# Directions for this task
Would you please transcribe, exactly as written, the lines of the entries below starting at the one that holds "General Wire MRP-C" and ending at the one that holds "Vintage White t-shirt", both included?

# Short descriptive text snippets
------------------------------------------------

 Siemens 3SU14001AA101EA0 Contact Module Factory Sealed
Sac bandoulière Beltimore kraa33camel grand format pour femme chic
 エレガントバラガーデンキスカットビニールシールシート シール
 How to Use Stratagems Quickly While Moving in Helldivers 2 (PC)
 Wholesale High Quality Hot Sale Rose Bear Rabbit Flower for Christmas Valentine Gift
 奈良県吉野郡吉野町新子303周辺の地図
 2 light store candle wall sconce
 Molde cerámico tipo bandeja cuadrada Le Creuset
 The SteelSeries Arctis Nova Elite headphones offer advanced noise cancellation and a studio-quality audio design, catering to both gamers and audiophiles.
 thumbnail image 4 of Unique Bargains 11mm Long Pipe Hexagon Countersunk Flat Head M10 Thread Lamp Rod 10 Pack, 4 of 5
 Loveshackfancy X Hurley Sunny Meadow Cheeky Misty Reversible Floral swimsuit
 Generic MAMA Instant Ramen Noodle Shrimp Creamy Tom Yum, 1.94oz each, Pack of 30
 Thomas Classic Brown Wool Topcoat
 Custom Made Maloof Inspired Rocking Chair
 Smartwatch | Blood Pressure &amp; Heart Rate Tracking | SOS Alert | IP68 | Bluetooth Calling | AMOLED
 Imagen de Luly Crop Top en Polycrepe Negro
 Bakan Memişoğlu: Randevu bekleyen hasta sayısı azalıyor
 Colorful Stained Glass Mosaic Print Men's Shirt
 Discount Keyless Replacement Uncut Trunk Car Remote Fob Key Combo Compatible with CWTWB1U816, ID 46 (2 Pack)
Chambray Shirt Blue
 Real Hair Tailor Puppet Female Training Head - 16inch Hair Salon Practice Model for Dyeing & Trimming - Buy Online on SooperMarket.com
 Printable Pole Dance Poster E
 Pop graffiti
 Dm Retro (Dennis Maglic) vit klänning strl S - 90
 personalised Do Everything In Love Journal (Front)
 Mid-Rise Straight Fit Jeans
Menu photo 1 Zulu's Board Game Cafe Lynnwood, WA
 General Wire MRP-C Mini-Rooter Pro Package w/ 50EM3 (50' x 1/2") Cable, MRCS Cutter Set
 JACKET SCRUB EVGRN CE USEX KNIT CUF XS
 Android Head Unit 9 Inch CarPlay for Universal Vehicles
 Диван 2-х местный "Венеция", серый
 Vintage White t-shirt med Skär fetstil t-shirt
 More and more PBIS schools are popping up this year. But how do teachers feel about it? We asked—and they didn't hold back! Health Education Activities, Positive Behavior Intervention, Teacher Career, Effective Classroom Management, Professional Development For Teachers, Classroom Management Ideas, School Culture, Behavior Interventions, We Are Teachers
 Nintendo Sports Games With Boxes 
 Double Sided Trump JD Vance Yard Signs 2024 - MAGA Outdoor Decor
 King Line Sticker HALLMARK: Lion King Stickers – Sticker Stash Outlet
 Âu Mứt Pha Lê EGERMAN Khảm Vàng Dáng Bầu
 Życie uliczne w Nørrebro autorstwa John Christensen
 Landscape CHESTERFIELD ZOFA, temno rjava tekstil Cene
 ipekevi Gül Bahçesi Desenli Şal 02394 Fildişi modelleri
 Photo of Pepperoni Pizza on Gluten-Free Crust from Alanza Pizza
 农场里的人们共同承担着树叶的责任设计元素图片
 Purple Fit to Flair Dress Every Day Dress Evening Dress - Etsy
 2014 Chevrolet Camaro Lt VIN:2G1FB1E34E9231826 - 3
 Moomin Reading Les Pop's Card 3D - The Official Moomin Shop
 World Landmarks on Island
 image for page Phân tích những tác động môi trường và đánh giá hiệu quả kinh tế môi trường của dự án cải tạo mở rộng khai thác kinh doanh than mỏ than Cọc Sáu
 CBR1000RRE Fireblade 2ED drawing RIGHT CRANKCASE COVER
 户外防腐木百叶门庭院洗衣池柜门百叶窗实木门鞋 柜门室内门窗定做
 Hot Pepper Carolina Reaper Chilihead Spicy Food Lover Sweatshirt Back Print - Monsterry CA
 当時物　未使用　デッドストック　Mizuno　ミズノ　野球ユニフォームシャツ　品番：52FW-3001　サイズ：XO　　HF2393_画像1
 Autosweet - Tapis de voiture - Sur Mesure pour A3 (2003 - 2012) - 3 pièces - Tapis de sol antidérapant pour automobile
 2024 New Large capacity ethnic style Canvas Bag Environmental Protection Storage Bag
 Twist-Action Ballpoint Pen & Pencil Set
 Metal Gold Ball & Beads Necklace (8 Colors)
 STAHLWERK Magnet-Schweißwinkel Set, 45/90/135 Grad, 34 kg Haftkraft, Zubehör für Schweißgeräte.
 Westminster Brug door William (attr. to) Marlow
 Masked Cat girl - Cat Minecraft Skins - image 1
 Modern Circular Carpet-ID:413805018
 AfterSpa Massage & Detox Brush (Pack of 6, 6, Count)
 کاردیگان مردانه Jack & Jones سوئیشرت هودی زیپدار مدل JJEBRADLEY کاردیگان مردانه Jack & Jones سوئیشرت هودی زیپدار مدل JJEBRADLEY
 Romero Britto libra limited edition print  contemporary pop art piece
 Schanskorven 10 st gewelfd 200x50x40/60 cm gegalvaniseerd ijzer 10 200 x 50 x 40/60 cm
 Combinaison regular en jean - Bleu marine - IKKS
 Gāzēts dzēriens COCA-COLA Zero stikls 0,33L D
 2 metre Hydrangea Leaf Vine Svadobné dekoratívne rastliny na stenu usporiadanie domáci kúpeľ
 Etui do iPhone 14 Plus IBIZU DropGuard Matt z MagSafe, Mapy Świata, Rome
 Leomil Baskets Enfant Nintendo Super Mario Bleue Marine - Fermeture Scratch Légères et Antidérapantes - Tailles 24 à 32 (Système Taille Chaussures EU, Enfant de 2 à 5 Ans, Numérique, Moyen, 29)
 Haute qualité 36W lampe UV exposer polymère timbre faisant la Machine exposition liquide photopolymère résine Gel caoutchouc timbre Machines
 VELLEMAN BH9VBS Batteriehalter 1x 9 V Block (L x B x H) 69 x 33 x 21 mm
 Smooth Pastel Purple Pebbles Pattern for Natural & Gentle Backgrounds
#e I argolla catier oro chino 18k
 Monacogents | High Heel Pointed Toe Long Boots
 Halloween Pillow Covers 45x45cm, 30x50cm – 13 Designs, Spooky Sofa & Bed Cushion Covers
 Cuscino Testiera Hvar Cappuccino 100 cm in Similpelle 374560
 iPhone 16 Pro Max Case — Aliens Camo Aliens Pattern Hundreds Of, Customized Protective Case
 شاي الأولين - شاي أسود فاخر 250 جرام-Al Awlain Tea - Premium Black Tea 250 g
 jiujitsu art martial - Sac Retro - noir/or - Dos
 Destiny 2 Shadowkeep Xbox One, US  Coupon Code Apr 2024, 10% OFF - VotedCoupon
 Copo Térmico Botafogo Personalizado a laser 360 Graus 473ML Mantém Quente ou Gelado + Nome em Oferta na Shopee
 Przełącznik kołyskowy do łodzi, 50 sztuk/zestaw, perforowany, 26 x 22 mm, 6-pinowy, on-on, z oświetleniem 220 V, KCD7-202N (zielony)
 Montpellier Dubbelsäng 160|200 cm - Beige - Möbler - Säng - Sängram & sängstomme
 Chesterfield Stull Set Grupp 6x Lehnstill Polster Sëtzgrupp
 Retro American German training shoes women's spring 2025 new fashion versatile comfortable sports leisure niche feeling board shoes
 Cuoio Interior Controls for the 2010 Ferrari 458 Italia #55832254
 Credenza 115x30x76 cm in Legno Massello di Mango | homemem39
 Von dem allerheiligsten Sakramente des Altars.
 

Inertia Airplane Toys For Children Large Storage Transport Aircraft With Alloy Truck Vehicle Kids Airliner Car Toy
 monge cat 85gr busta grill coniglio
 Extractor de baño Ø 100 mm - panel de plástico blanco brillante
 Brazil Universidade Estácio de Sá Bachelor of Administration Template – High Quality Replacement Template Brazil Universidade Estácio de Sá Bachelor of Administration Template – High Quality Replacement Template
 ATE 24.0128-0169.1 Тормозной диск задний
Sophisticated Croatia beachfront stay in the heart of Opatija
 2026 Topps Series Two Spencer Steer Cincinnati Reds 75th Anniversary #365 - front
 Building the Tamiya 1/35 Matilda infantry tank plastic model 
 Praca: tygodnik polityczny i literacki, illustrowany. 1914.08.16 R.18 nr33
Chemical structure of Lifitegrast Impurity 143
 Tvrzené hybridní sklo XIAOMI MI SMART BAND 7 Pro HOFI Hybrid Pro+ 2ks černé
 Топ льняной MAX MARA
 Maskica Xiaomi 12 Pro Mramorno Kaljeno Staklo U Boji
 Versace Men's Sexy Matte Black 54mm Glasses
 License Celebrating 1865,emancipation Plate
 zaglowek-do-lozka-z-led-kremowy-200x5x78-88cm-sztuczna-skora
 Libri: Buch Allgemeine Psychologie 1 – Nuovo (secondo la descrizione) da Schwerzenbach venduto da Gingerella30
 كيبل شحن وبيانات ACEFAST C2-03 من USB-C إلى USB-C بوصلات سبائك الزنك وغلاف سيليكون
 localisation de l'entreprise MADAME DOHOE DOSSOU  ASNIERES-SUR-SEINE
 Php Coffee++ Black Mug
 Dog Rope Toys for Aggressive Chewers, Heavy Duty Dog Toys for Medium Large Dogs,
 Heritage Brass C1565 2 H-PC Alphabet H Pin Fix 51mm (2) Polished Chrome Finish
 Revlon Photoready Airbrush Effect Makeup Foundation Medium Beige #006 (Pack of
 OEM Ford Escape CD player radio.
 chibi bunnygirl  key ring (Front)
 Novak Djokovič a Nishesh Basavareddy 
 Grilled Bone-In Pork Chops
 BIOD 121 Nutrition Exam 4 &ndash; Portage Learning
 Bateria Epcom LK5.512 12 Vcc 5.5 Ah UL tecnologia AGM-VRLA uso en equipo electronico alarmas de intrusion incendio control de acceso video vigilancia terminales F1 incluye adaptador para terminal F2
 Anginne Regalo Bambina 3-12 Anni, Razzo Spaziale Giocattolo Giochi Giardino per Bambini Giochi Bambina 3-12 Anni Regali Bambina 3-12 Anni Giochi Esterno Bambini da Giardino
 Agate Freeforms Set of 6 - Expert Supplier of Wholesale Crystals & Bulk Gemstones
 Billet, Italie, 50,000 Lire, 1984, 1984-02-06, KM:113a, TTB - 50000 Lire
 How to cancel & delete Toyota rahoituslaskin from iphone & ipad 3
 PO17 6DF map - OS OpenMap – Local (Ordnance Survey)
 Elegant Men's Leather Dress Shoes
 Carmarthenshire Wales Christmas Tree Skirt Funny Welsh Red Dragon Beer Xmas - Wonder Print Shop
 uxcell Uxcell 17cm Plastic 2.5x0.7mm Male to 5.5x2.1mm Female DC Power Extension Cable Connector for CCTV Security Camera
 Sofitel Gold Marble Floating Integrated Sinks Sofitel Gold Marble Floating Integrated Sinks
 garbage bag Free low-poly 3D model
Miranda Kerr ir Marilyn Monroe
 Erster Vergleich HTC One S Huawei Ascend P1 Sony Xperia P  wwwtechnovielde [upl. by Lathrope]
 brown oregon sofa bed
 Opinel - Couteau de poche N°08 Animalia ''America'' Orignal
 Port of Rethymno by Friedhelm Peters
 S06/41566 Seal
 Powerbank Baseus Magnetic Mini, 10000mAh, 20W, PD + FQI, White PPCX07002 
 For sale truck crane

------------------------------------------------

# Exercise solution
 General Wire MRP-C Mini-Rooter Pro Package w/ 50EM3 (50' x 1/2") Cable, MRCS Cutter Set
 JACKET SCRUB EVGRN CE USEX KNIT CUF XS
 Android Head Unit 9 Inch CarPlay for Universal Vehicles
 Диван 2-х местный "Венеция", серый
 Vintage White t-shirt med Skär fetstil t-shirt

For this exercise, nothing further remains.